1.06.2011

North by Northwest


As I said yesterday, I already watched one of the movies on my list!  After I made the list, I just so happened to be scrolling through Turner Classic Movies for the weekend and saw that North by Northwest was on Friday.  I taped it and watched it on New Year's Day morning.  It was cold and gray and rainy and the Beans and I snuggled up on the couch with some good coffee and watched it.

Oh, my.  It was so good!

Here's what Amazon has to say about it:
A strong candidate for the most sheerly entertaining and enjoyable movie ever made by a Hollywood studio (with Citizen Kane, Only Angels Have Wings and Trouble in Paradise running neck and neck).

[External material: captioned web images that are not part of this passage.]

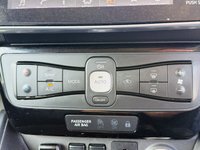 USED 2018 18 NISSAN LEAF 40kWh Tekna Hatchback 5dr Electric Auto (150 ps) FSH / HEATED SEATS / BOSE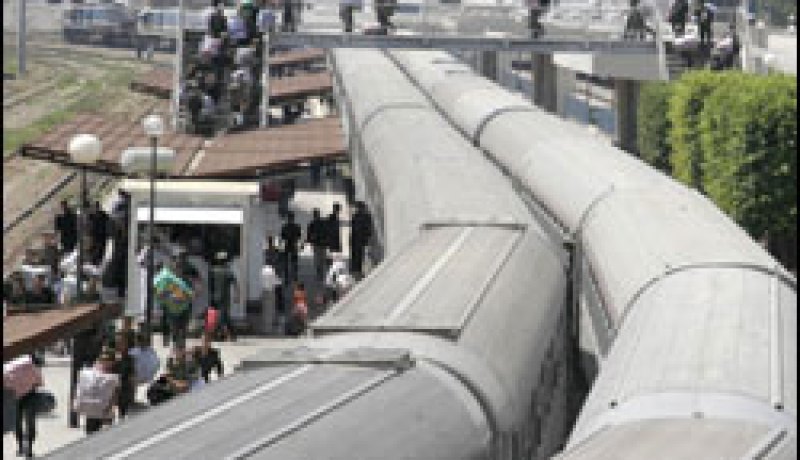 سائقو القطارات بالجزائر العاصمة وضواحيها يواصلون إضرابهم المحدود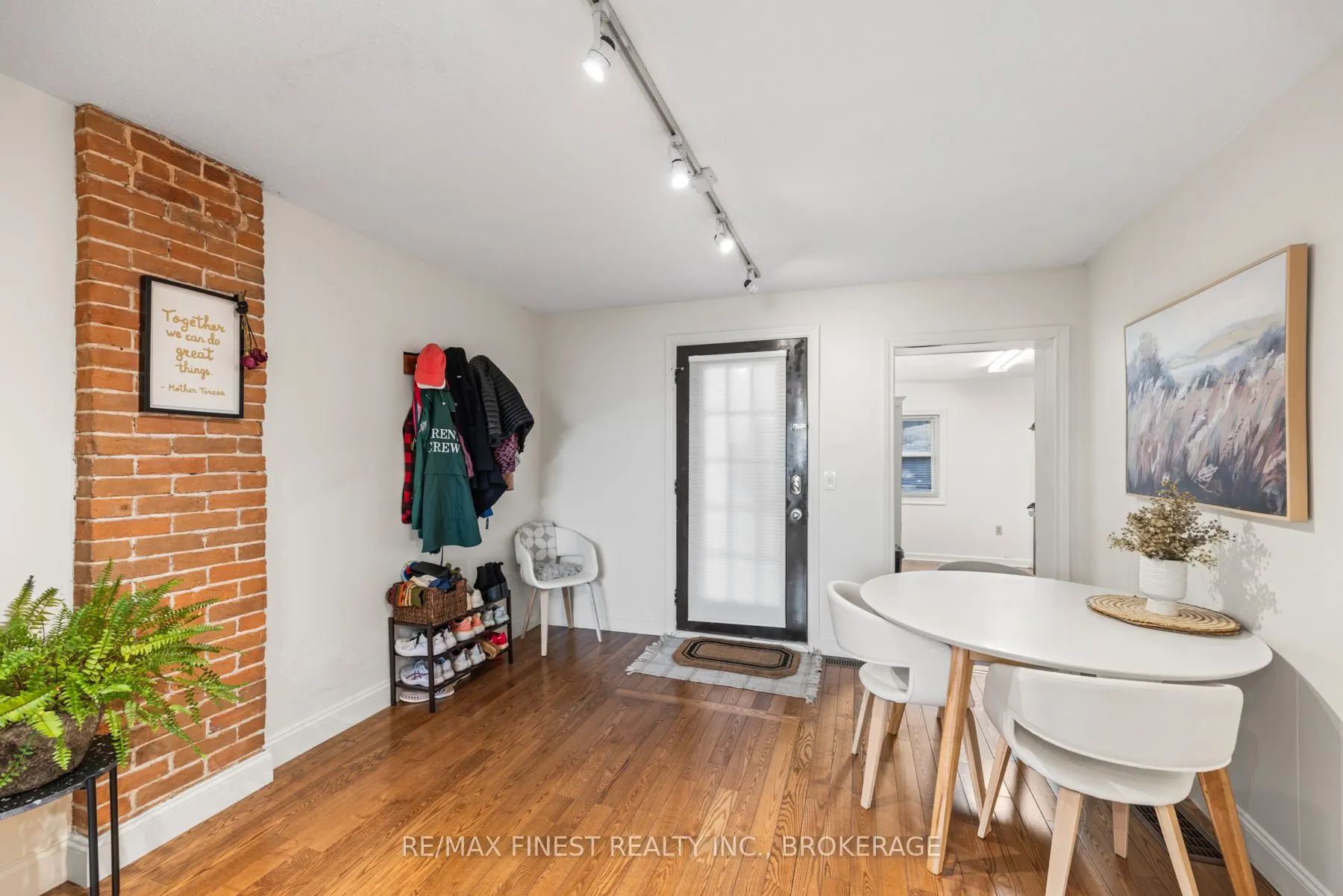 589 King Street W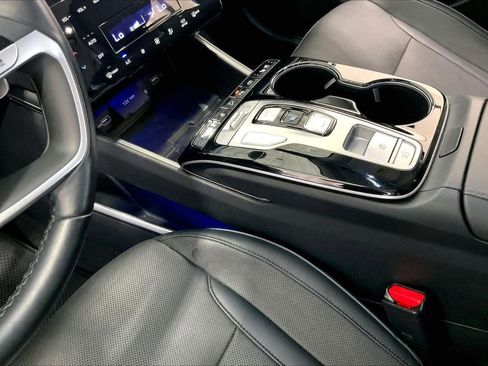 Used 2022 Hyundai Tucson Limited image 17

Positioned between the much heavier and more profoundly disturbing Vertigo (1958) and the stark horror of Psycho (1960), North by Northwest (1959) is Alfred Hitchcock at his most effervescent in a romantic comedy-thriller that also features one of the definitive Cary Grant performances. Which is not to say that this is just "Hitchcock Lite"; seminal Hitchcock critic Robin Wood (in his book Hitchcock's Films Revisited) makes an airtight case for this glossy MGM production as one of The Master's "unbroken series of masterpieces from Vertigo to Marnie." It's a classic Hitchcock Wrong Man scenario: Grant is Roger O. Thornhill (initials ROT), an advertising executive who is mistaken by enemy spies for a U.S. undercover agent named George Kaplan. Convinced these sinister fellows (James Mason as the boss, and Martin Landau as his henchman) are trying to kill him, Roger flees and meets a sexy Stranger on a Train (Eva Marie Saint), with whom he engages in one of the longest, most convolutedly choreographed kisses in screen history. And, of course, there are the famous set pieces: the stabbing at the United Nations, the crop-duster plane attack in the cornfield (where a pedestrian has no place to hide), and the cliffhanger finale atop the stone faces of Mount Rushmore. Plus a sparkling Ernest Lehman script and that pulse-quickening Bernard Herrmann score. What more could a moviegoer possibly desire?--Jim Emerson
I say that I was entertained from start to finish.  Cary Grant was never sexier, Eva Marie Saint was gorgeous (her clothes were to die for) and it was just chock full of midcentury modern decor porn. 

I ended up kicking myself.  Why have I never watched this before?

Now I think I need to buy the DVD.

1 comment:

  1. That is one of my favorites too. I love old movies, especially the clothes - they certainly don't make them like that anymore.